Direct endovascular site control is the technique that has the most immediate applicability for use in pediatric trauma patients. This technique involves controlling hemorrhage using both proximal and distal balloon occlusion of the injured artery and is generally well-described in the adult trauma literature. In most cases, such techniques could utilize existing arterial access equipment for pediatric cases. The adaptation for pediatric use would involve selecting existing balloon devices designed for distal adult vascular applications and applying them to injuries to great vessels of children to occlude flow. An example might include, using an adult coronary artery angioplasty balloon to occlude the retrograde flow to a subclavian or axillary artery injury.

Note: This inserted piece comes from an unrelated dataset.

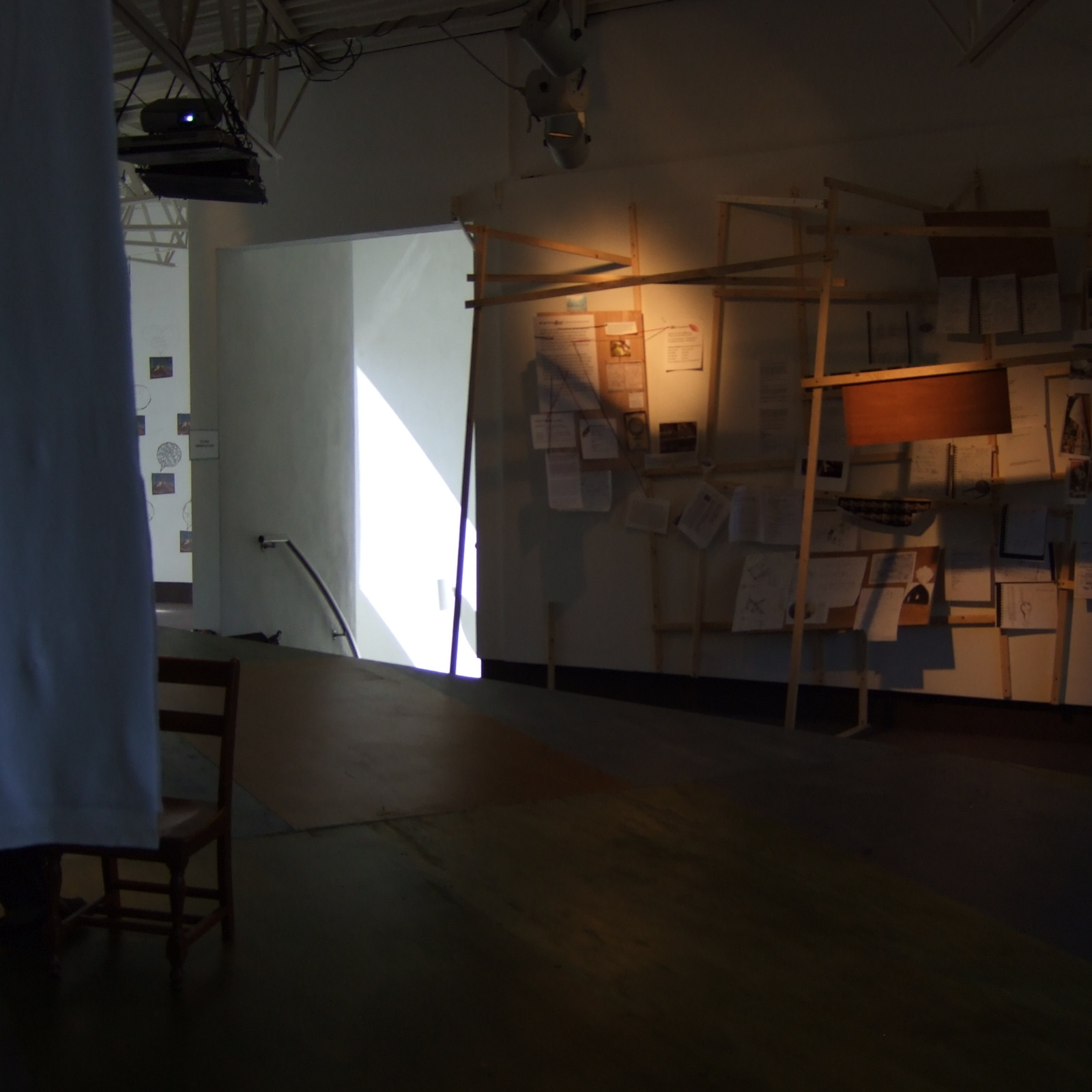 https://lynnbook.s3.amazonaws.com/flat_media/ReNext_2007_WS-SECCA_perf-exhib_exhibitionshots01.jpg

Endovascular hemorrhage control is associated with equivalent or superior control of bleeding when compared to open techniques. It can mitigate the need for large incisions and subsequent surgical site infections. Endovascular hemorrhage control can also be performed in a hybrid suite allowing for control of hemorrhage before required exploratory laparotomy for other indications. Most Level One pediatric trauma centers already have high-capacity angiography suites. Pediatric endovascular interventionalists or surgeons working in collaboration with pediatric trauma surgeons could implement an endovascular hemorrhage control program with limited investment. Based on the successes reported in the care of adult trauma, endovascular hemorrhage control programs should be investigated by pediatric trauma surgeons to advance the complicated care of these patients.